According to our results, both indices can be employed to quantify landscape diversity through field-based forest inventory. However, inverse Simpson's index gives more weight to the common land cover class (i.e., large land cover class in size) in a sample. On the other hand, the rare land covers class (i.e., small in size) causes only small changes in the value of D, whereas such a class causes a significant change in the value of SH. Thus, the question remains as which diversity index and under which situations should be used. It is recommended to use two indices together to cover drawback. In the present study, point sampling (circular subplot centers) is used for estimating two diversity indices. However, the indices can also be estimated using line intersect sampling (LIS) method as demonstrated by Ramezani & Holm (2011) on aerial photos.

In such procedure, virtual line between subplots can be served as sampling line transect (see Fig. 1). With LIS, the indices component, i.e., area proportions of different land cover classes and thus diversity indices, are estimated based on proportion of intersection length of a given land cover class with one sampling line to the total length of all line transects. In the present study, it has been impossible to estimate the diversity indices using LIS because information on the proportion of intersection length of land cover class with sampling lines is not available in the Swedish NFI. However, diversity indices might be estimated more precisely using LIS than point sampling because by LIS more information can be captured, particularly in the estimation of Shannon’s diversity where rare land cover class causes a significant change in the value of SH.

In this study, I demonstrated that the estimates could be improved using a combination estimator of permanent and temporary cluster plots from the Swedish NFI.

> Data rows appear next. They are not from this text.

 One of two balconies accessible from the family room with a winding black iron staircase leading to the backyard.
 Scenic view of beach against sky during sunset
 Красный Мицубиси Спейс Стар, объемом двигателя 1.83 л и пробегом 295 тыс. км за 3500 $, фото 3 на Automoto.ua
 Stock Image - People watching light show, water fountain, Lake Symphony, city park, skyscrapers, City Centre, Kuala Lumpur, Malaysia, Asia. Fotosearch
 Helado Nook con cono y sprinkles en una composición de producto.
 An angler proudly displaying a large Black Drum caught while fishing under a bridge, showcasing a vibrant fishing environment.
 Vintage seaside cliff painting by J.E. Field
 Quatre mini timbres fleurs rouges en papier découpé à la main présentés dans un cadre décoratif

It is also possible to combine NFI datasets with other data sources, for instance, some ongoing environmental monitoring programs such as national inventory of landscape in Sweden (NILS, Ståhl et al. 2011). Note that before the combination, the datasets should be harmonized because different classification schemes might be used in different surveys.

 

 

 

 

Fig. 3. Estimated variance of inverse Simpson’s diversity index (D) for temporary (T), combination (C) and permanent (P) procedures and for six inventory regions.

 

CONCLUSION

In a sample survey, a given metric can be estimated in different ways, but the statistical efficiency of a given sampling method depends on selected metric. In this study and with NFI datasets, it is impossible to determine the best sampling method to estimate the diversity indices in terms of accuracy because of the lack of true value of the landscape diversity. So that, there is a need for a sampling simulation survey where sampling is conducted in large time and then the statistical properties of the indices estimators would be compared.

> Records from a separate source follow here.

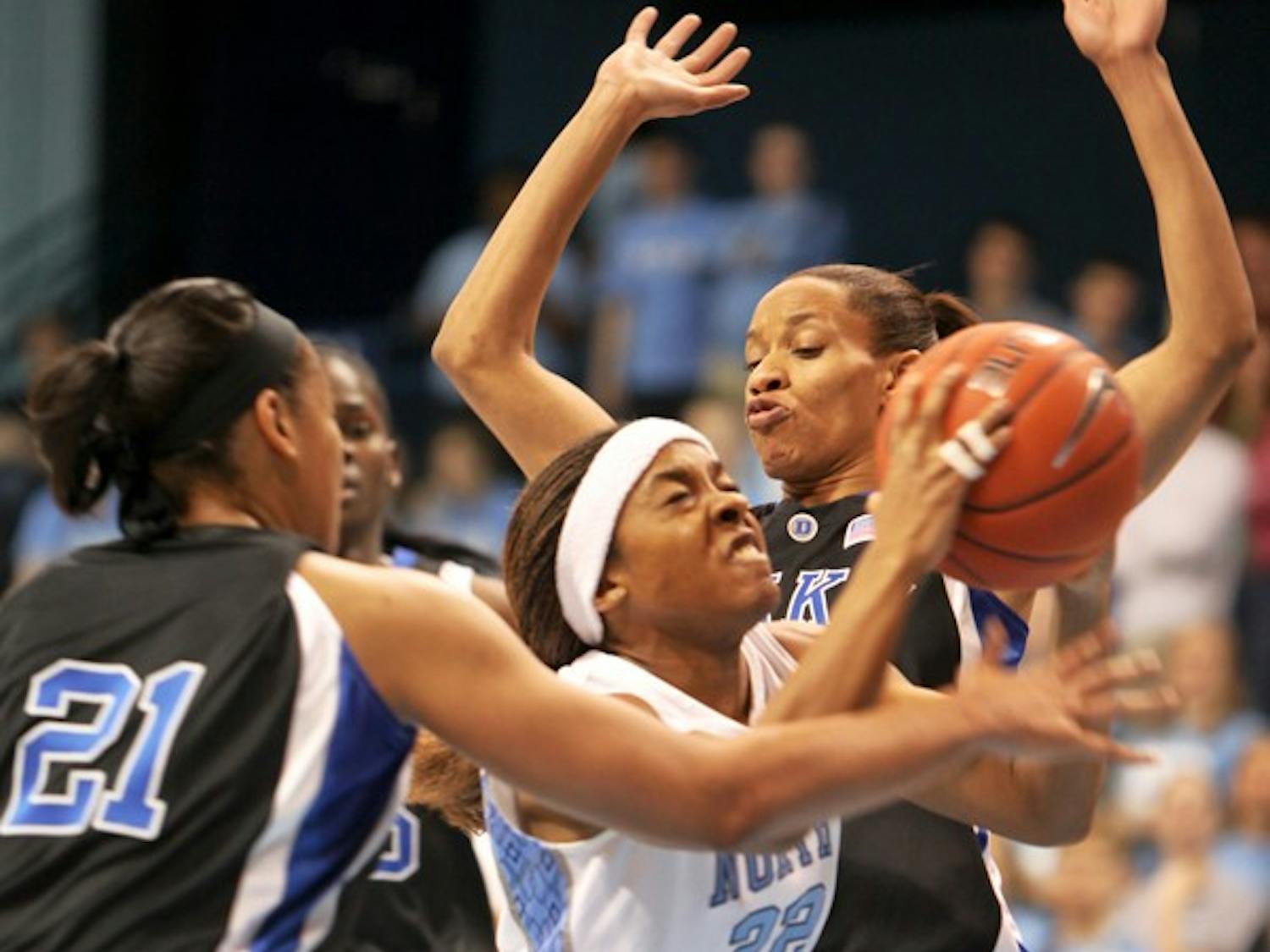 Cetera DeGraffenreid fights through two defenders in Sunday’s 64-54 win against Duke. DTH/Phong Dinh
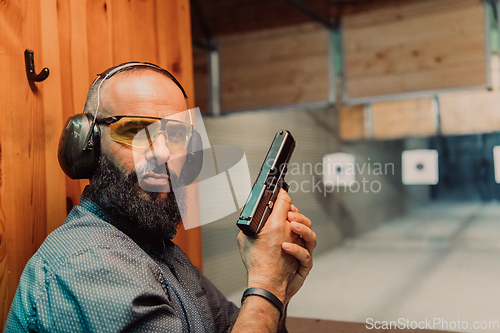 Image of A man practices shooting a pistol in a shooting range while wearing protective headphones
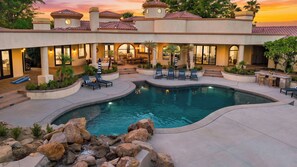 A pool area with lounge chairs, a swimming pool, and a building with multiple windows and a tiled roof. - Villa Verbena by Avantstay Expansive Estate w/ B-ball Court, Pool/spa & Entertainer's Yard (Indio)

Another further application, which should be investigated, is the ability to determine change of these diversity indices over time. Fortunately, time series of NFI datasets are available in many developed countries (e.g., Norway, Finland, Germany, and USA). The obtained results show that the method can be used in developing countries where conventional forest inventory is in use. 

 

ACKNOWLEDGMENT

The data were kindly provided by Riksskogstaxeringen (the Swedish national forest inventory, NFI), the Department of Forest Resources Management (SLU). I am thankful to the two anonymous referees for their valuable comments.